Re: Types of numerals; bases in natlangs.
From: | Andreas Johansson <andjo@...> |
Date: | Monday, January 16, 2006, 10:18 |
Quoting Herman Miller <hmiller@...>:
> veritosproject@gmail.com wrote:
> > MiB, KiB are "mibibyte" and "kibibyte". Technically, unlike what you
> > have heard, a kilobyte and megabyte are really exactly 1000 and
> > 1000000 units. A kibibyte is 1024 bytes and a mibibyte is 1024
> > kibibytes.
>
> A kilobyte is never 1000 bytes; "byte" isn't an SI unit and doesn't
> follow the SI rules. A megabyte technically shouldn't be a million bytes
> either, but someone in a hard disk marketing department thought it was a
> good idea. In the context of RAM, a megabyte is always 2^20 bytes
> (1,048,576). No one in my experience ever uses the bizarre "kibibyte"
> and "mibibyte". The abbreviation "K" is generally used in place of
> "kilobyte" (which is rarely heard). "Meg" and "megabyte" are both in
> common use.
>
> There really is no logical reason to want a name for a block of 1,000 or
> 1,000,000 bytes.
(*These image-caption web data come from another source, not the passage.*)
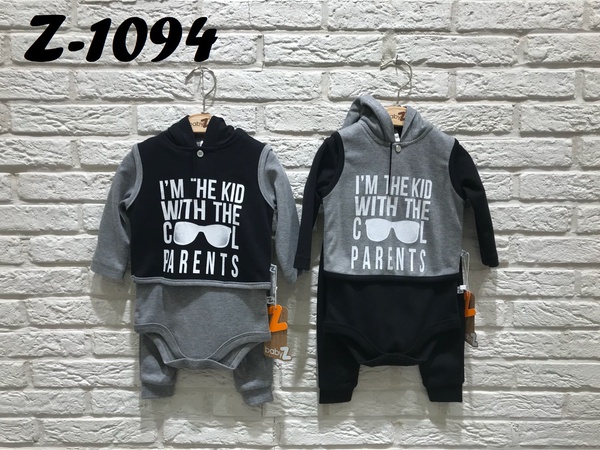 Детская одежа BabyZ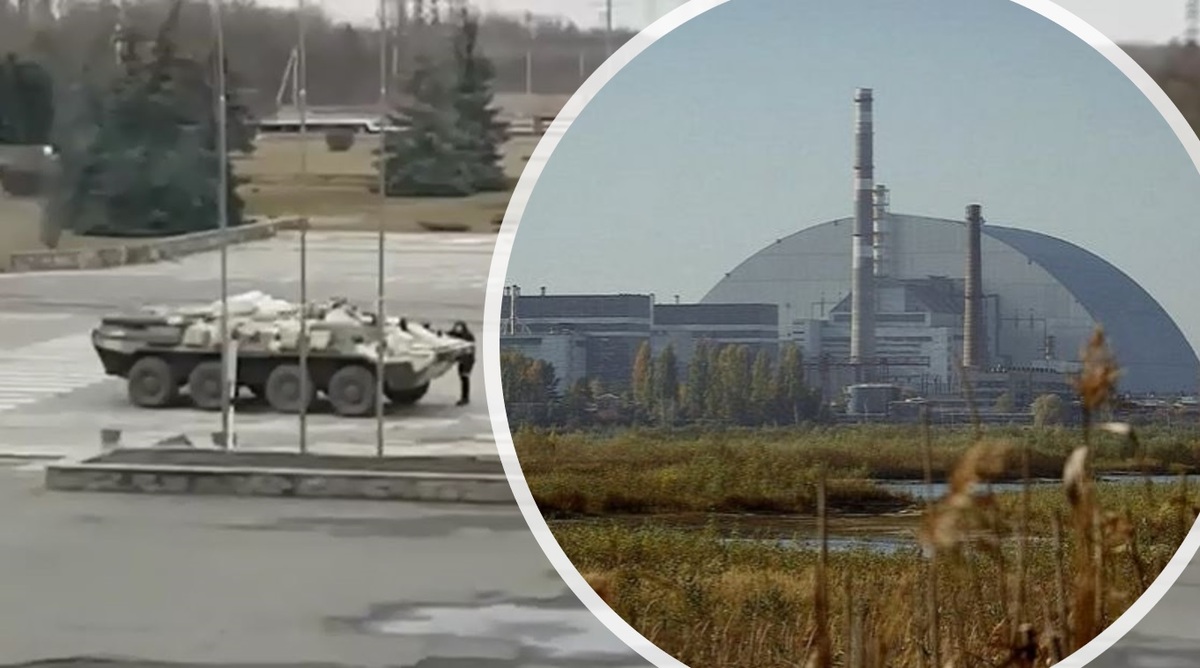 Blackout a Chernobyl: "Rischio perdite radioattive". Cosa sta succedendo davvero? 1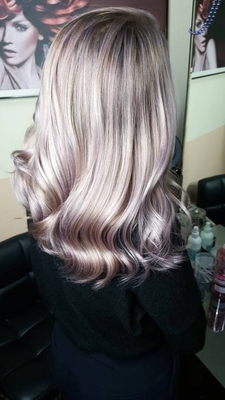 Монталь, салон красоты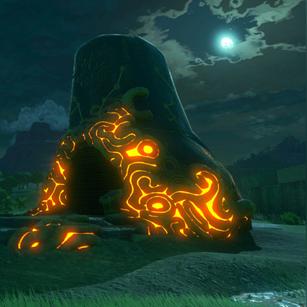 《塞尔达》快速赶路技巧揭秘 《塞尔达》快速赶路技巧揭秘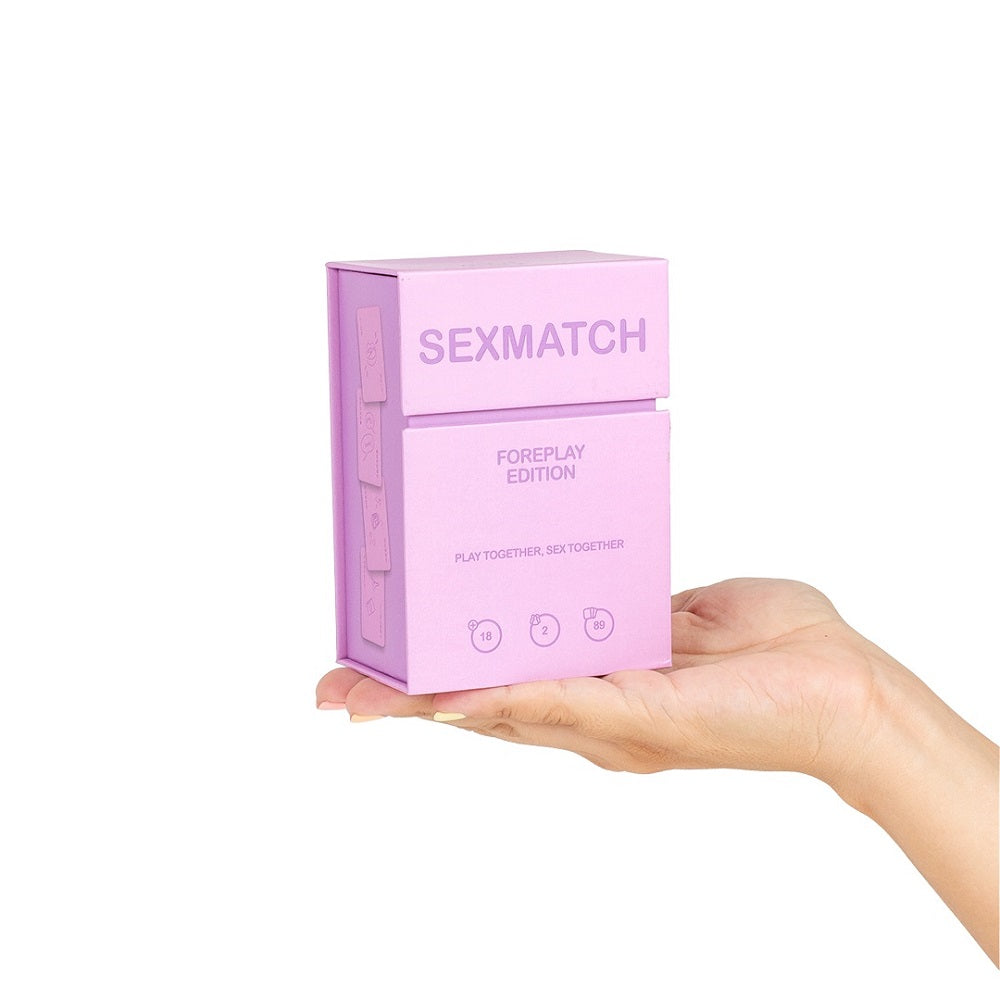 sexmatch-foreplay-edition-game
The confusion could easily have been avoided by
> sticking with the traditional definitions, and just saying "a million
> bytes" if for some reason you want to talk about a million bytes.
Still less is there any logical reason to use a prefix meaning 1000 to mean
1024. The real detrimental language change here was started by whatever cretin
first hit on the idea to use kilo = 1024.
"Kibibyte" might be 'bizarre', but "kilobyte" is just plain abuse of language.